Развитие в человеческом масштабе

Глава 6. ГЛУПЫЙ ОБРАЗ ЖИЗНИ*

Алина Лихачевская
12 min readAug 30, 2021

Инсайт

С детства меня беспокоил вопрос, который я считал очень важным: “Что делает людей уникальными? Есть ли какое-то человеческое свойство, которое не разделяет с нами ни одно другое животное?” Первый полученный ответ состоял в том, что у людей есть душа, а у животных ее нет. Поскольку я любил и все еще люблю животных, это звучало немного странно и болезненно. Более того, если бы Бог был таким справедливым и великодушным — в что я все еще верил в те дни, — он бы не делал такой дискриминации. Итак, я не был убежден.

Несколько лет спустя, под влиянием ранних учителей, я пришел к выводу, что мы были единственными разумными существами, у животных были только инстинкты. Не потребовалось слишком много времени, чтобы понять, что я снова на неверном пути. Благодаря вкладу, внесенному этологией, теперь мы знаем, что животные также обладают интеллектом. И вот я размышлял, пока однажды наконец не решил, что понял: люди — единственные существа, способные на юмор. И снова я был разочарован исследованием, демонстрирующим, что даже птицы шутят и “смеются” друг над другом. Я уже почти решил сдаться, став тем временем студентом университета, когда поделился своим разочарованием с отцом. Он просто посмотрел на меня и сказал: “Почему бы тебе не попробовать сделать глупость?” Хотя поначалу я был шокирован, прошли годы, и я хотел бы объявить, что, если только кто — то другой не может претендовать на законное первенство, я очень горжусь тем, что, вероятно, являюсь основателем новой и очень важной дисциплины — глупологии.

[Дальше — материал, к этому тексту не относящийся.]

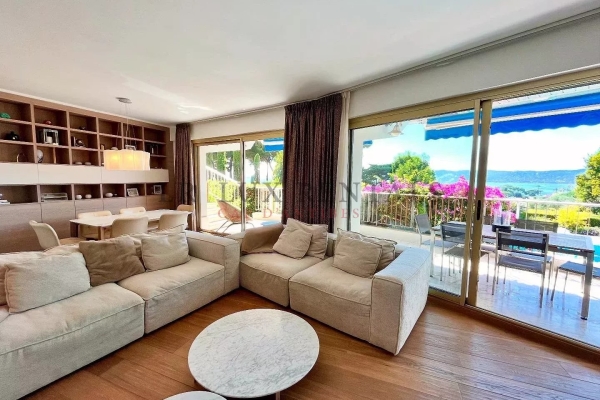 Luxury Apartment for sale in Cap d'Antibes, 1 700 000 €, Photo 2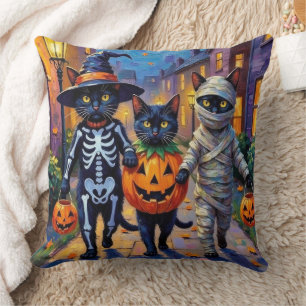 Schwarze Katzen Trick-or-Treating in Halloween-Kos Kissen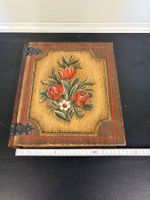 Holzbox Buchform Blumenmotiv handbemalt ca. 27x30x6cm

Таким образом, я придерживаюсь твердого мнения, что глупость — это уникальная черта человеческих существ. Никакие другие существа не глупы, кроме нас!

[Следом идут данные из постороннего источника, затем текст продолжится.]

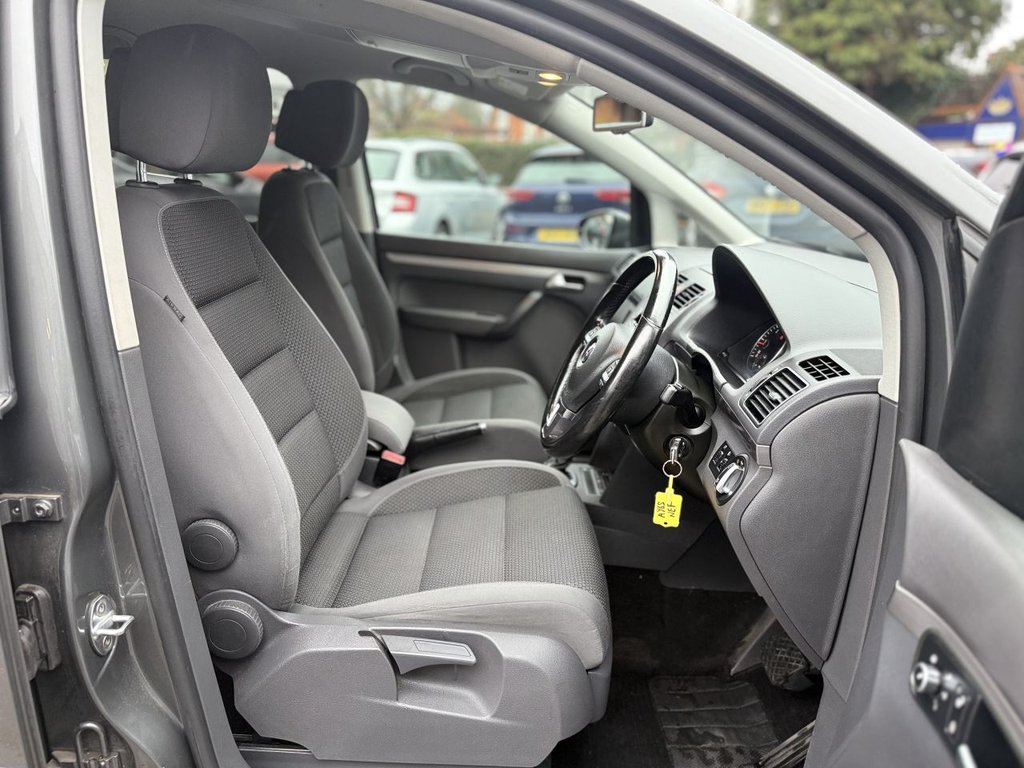 Used Volkswagen Touran 2015 for sale - 77288450: Photo 12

Конечно, поначалу такие заявления могут показаться немного странными, даже причудливыми. Но в зимнем семестре 1975 года я читал курс в колледже Уэллсли, штат Массачусетс, открытый также для студентов Массачусетского технологического института, название которого было “Исследование природы и причин человеческой глупости”. Это был, как вы можете себе представить, очень посещаемый курс. Люди думали, что это будет весело, как, собственно, и было на первых двух сессиях. Во время третьей сессии участники стали выглядеть немного серьезнее, а к четвертой уже были вытянутые лица. И по мере того, как курс продолжался, мы все обнаружили, что это чертовски серьезная тема.

Кризис

Почему я упоминаю об этом сейчас? Ну, я человек, который много путешествует, возможно, даже слишком много. И вот в июне и июле прошлого года я завершил свое третье кругосветное путешествие за двадцать месяцев. Это оказался совершенно особый опыт, когда со мной произошло нечто, чего никогда раньше не случалось во время пребывания в Бангкоке — столице одной из моих любимых азиатских стран. В первое утро я проснулся в состоянии великой депрессии, как будто столкнулся с глубоким экзистенциальным кризисом. Ощущение было, если это можно выразить словами: “Я видел слишком много. Я больше этого не хочу. Я сыт по горло!” Это было кошмарное, ужасающее чувство, и я спросил себя: “Почему я это чувствую?” Ответ приходит в форме внезапного понимания того, что то, что растет быстрее всего, что распространяется наиболее широко и с наибольшей эффективностью, скоростью и ускорением в современном мире, — это человеческая глупость. Был ли я свидетелем завершения плана по сносу бульдозерами тысяч сельских деревень в Румынии с целью модернизации и расширения сельскохозяйственного производства; или стал свидетелем колоссальной программы переселения, финансируемой Всемирным банком в Индонезии, которая уничтожила миллионы людей и перевезла их из одного конца страны в другой во имя развития; или дело было в том, что власти Таиланда по вопросам развития очень гордились тем, что в тот день объявили, что на севере, который все еще был покрыт густыми лесами, несколько сотен деревень будут уничтожены, а люди переселятся в четырнадцать городских центров “со всеми удобствами, которые им потребуются для развитого общества”, — все это отражало одну и ту же глупость.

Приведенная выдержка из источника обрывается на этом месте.